Action item:
Only one span of the material below is wanted. Output it exactly, from the line with "Dormant Hybrid Tea" through the line with "The Metropol Hotel Bihar", without any pictures.

***** Provided information

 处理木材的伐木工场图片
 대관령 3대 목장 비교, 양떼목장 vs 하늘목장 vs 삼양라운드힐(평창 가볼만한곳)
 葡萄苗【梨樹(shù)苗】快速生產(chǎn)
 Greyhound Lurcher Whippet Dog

**********
***** Provided information

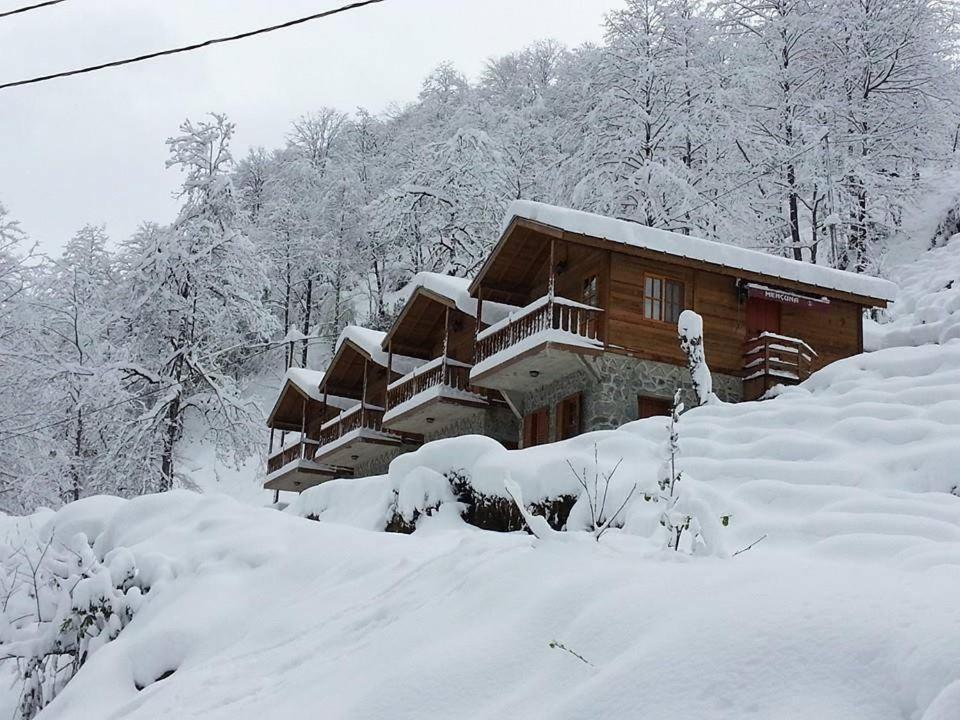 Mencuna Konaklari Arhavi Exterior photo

**********
***** Provided information

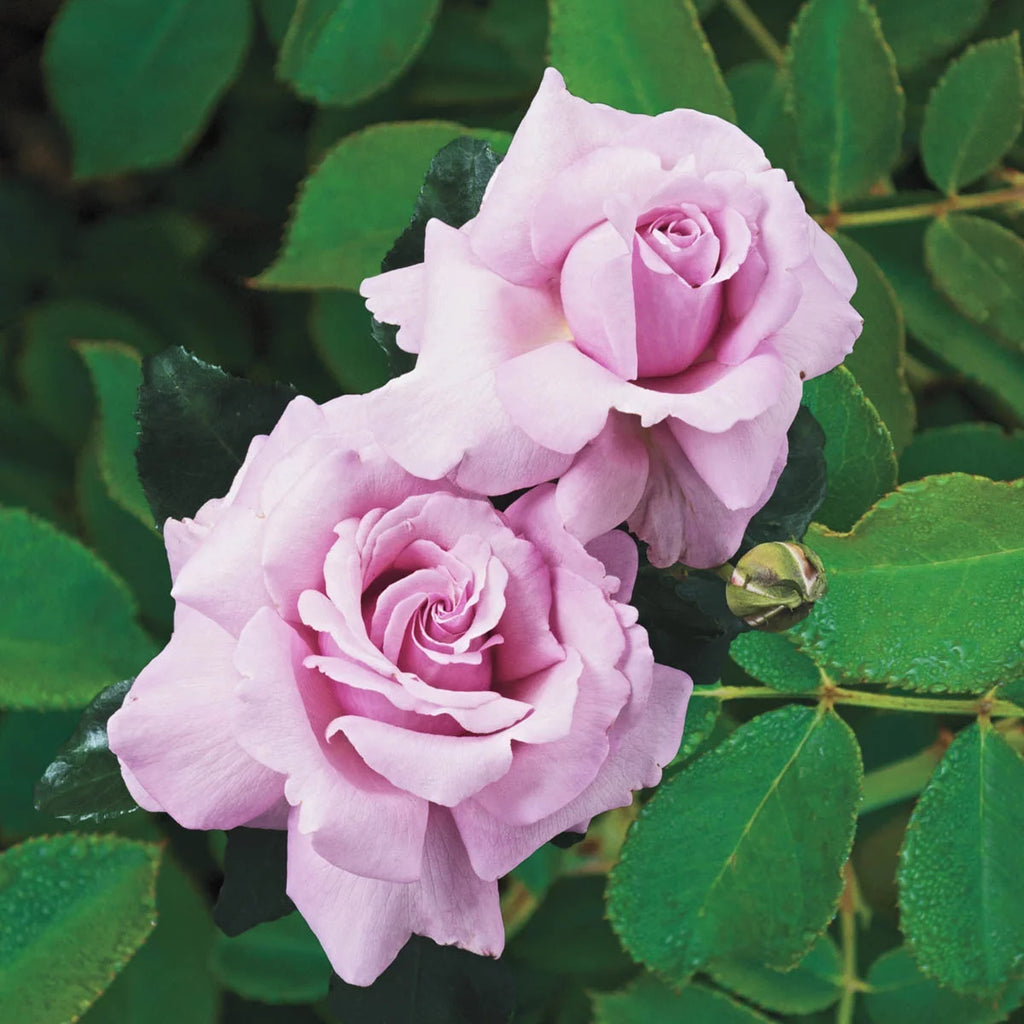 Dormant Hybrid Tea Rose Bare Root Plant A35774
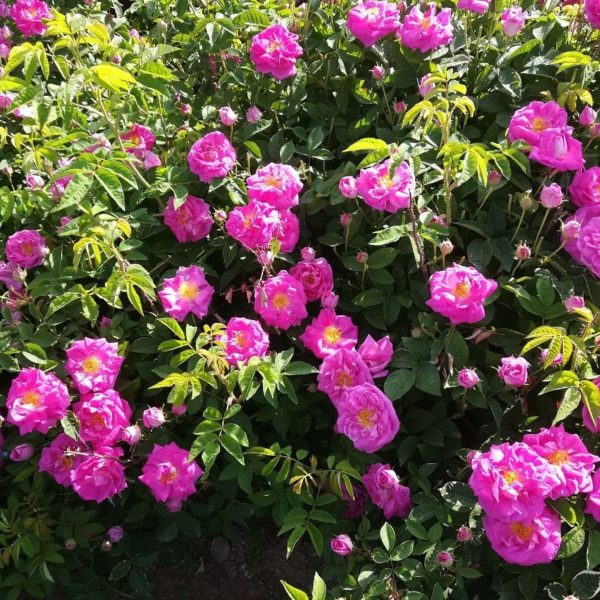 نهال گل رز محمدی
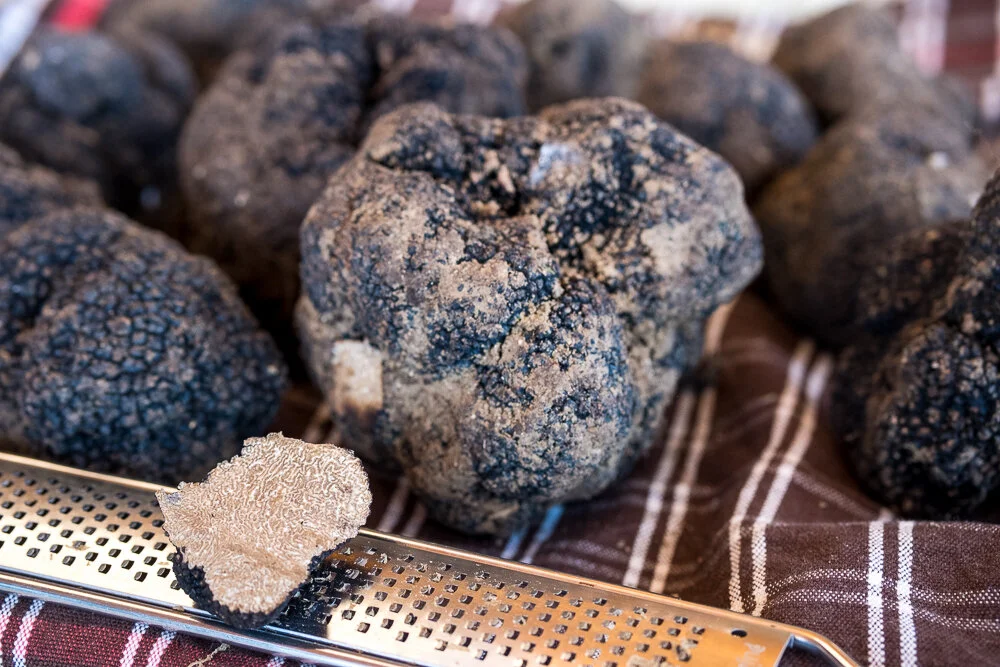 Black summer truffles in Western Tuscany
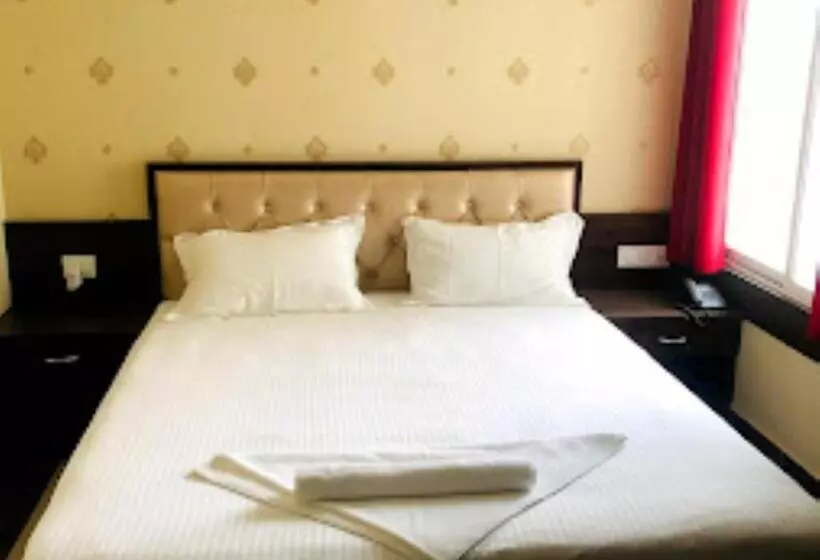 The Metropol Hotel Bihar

**********

Problem solution:
 Dormant Hybrid Tea Rose Bare Root Plant A35774
 نهال گل رز محمدی
 Black summer truffles in Western Tuscany
 The Metropol Hotel Bihar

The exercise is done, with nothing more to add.